W Kraju Kwitnącej Wiśni od kilku lat coraz wyraźniejsza staje się niechęć do amerykańskiej obecności wojskowej, a tylko w tym roku miało miejsce kilka dużych protestów.
W Yokosuce położonej w jednej z prefektur najbardziej dotkniętych przez tsunami z 2011 r. mieszkańcy nie chcą w pobliżu atomu w jakiejkolwiek postaci. Dotyczy to zarówno kilkunastu reaktorów w promieniu kilkuset kilometrów - wciąż wyłączonych ze względów bezpieczeństwa cztery lata po nadejściu wielkiej fali - jak i amerykańskich lotniskowców.

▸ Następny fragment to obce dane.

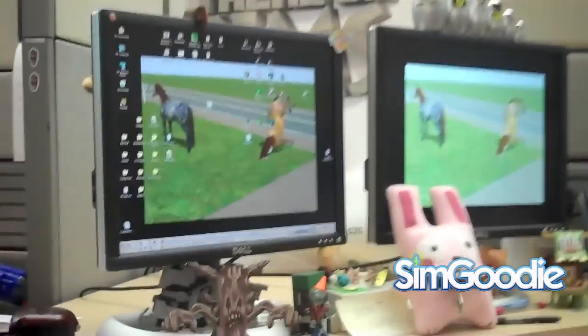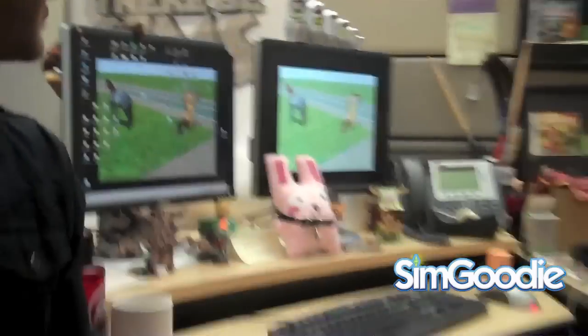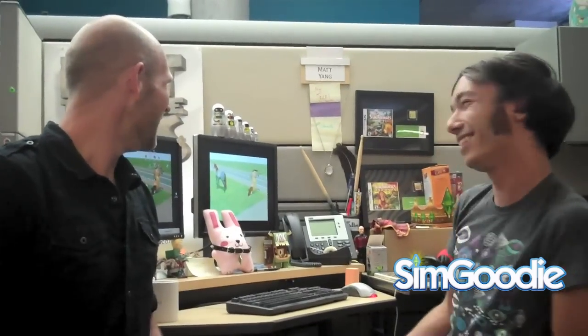I'm here with Matt Yang, one of the designers on the team — he designed everything about dogs in the game. Can you take dogs for walks? Absolutely — you can pick any lot in the world, they hook up a leash to the dog, and they wander all the way through town, stopping occasionally to pee or sniff something. Matt also had on his screen a screenshot of a horse doing a nosedive — this was right when horses were first getting into the game and just starting to animate, with the tail moving back and forth. It's one of his favorite screenshots from the game.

USS George Washington - poprzednik USS Ronald Reagan - sam o mało nie stał się zresztą ofiarą tsunami. Przebywający w hangarze w momencie jego uderzenia w Japonię przetrwał, ale załoga musiała w ciągu kilkudziesięciu godzin wyprowadzić go na wody oceanu. Przebywał bowiem w rejonie zagrożonych reaktorów i mógł zostać skażony dodatkowo powodując strach w tysiącach Japończyków zaangażowanych do pracy przy obsłudze amerykańskiej bazy i jej zaplecza.
W niedzielę 13 września na ulice wokół bazy w Yokosuce wyjdzie więc ok. 20 tys. osób. Demonstrację zorganizowali japońscy komuniści i to pod ich szyldami, a także związków zawodowych, pikieta stanie pod murami bazy.
Dowództwo Floty Pacyfiku wydało ostrzeżenie dla marynarzy i pracowników cywilnych. Lepiej nie wychodzić poza bezpieczny teren i nie pojawiać się w zasięgu wzroku Japończyków, bo "może dojść do konfrontacji" - pisze magazyn Pentagonu „Stars and Stripes”.